The opportunity came when the world’s most recognizable name in computers at the time, IBM, decided to dip its toe into the personal computer market. There is no doubting that IBM was quite brilliant in its traditional areas of expertise: providing technological hardware for businesses and large organizations. But this was something entirely different.

By the 1980s the company was such a giant that it struggled to be quick and agile – two characteristics that the youthful Microsoft had in spades.

It was an open secret in Silicon Valley that IBM was struggling to create a satisfactory operating system for its personal computer. Gates and the Microsoft team had inevitably come on to their radar and the IBM management decided to approach them as they sought an out-of-house solution. Gates might still have been only in his mid-twenties, but they recognized him as an emerging master in their sector, blessed with an old commercial head on young shoulders.

It is said that when Gates first met with the suited-and-booted IBM team, he turned up in a rather dishevelled state, sporting trademark slacks and a cotton-knit shirt. Everyone felt suitably awkward so that the next time they met, Gates broke with tradition to wear a shirt and tie while his counterparts opted to dress down Gates style! Regardless of their disconnect when it came to clothing, Gates did his best to offer them useful advice. In the first instance he suggested IBM approach one of Microsoft’s regular commercial partners, Digital Research Inc., since Microsoft did not have an operating system of its own to offer them.
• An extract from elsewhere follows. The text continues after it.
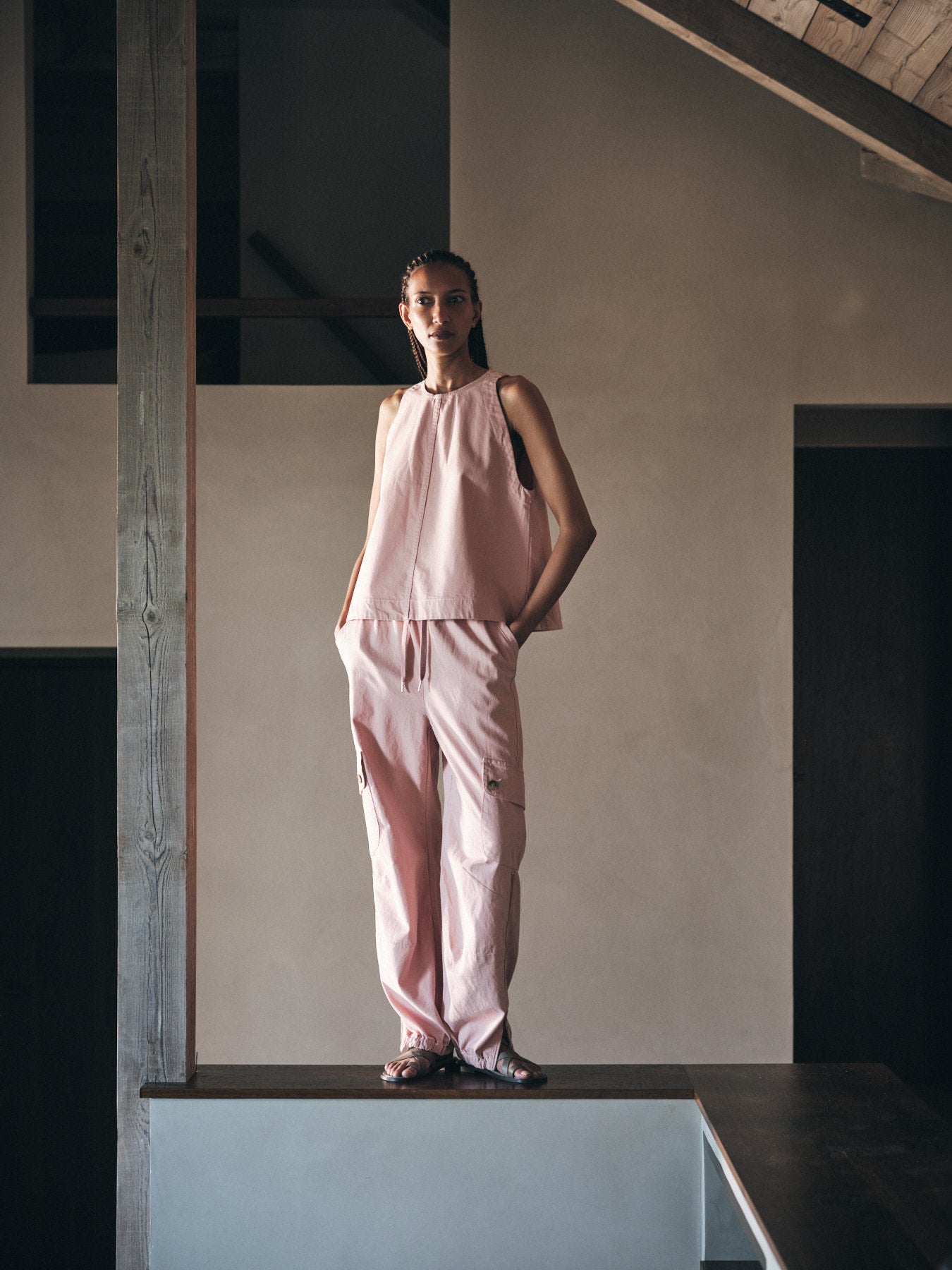 Justa - Texture canvas pants with zip I Soft rose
Sadly for Digital Research, but not for Gates and his team, negotiations fell through, so the IBM execs returned to plead for help from Gates. He agreed to develop an operating system on their behalf. Just as with the MITS deal a few years earlier, Gates had promised something not yet in his possession, so adopted a suitably pragmatic approach as he sought to keep up his side of the bargain.
He contacted a Seattle programmer by the name of Tim Patterson, who had recently created an innovative operating system called Q-DOS (Quick and Dirty Operating System). Gates paid him a one-off fee for rights to the product. Though estimates differ on the exact amount, it is thought to have been in the region of $50,000, which was surely among the best money Gates ever spent (especially given that it now barely even counts as small change in his world). Microsoft then set to work on recon figuring Q-DOS for IBM’s needs, and unveiled it as MS-DOS (Microsoft-Disk Operating System). Relieved, IBM signed it up and marketed it as PC-DOS.

Gates knew the pressure IBM was under and if he had been of different character might have attempted to extract the greatest possible immediate financial benefit from them.

Instead he took a quite different approach, anchored in his belief that the real rewards would come by engineering the deal to establish a dominant share of the operating systems market. Therefore, he struck a bargain in which IBM got MS-DOS for a relatively low, one-time up-front fee. Crucially, though, Microsoft retained copyright of the product.

Gates was taking a punt, but he wagered that lots of companies would begin manufacturing machines on the IBM model and when they did, he would have a ready made operating system solution to sell them. It was a calculated risk, and it paid off handsomely.

The IBM PC retailed with a choice of three software packages, of which PC-DOS was one. By letting IBM have it at little expense, it was also the cheapest of the options. This was critical to Gates’s long-term plan, since he knew ultimate success relied on first becoming the IBM PC package of choice. Sure enough, its low price point helped PCDOS assume top spot among consumers. Given its clout in the computing field, IBM inevitably shifted a lot of units and sales escalated, with Microsoft’s name spreading as the go-to software people. PC-DOS became the industry standard. Furthermore, just as Gates hoped, other manufacturers (over 100 of them) soon came knocking to licence MS-DOS.

Meanwhile, other major hardware manufacturers including Sony, NEC and Matsushita asked Microsoft to provide them with their own bespoke systems. In monetary terms, the company’s sales more than doubled between 1980 and 1981. Before long, Microsoft was far and away the leading name in the booming global software business.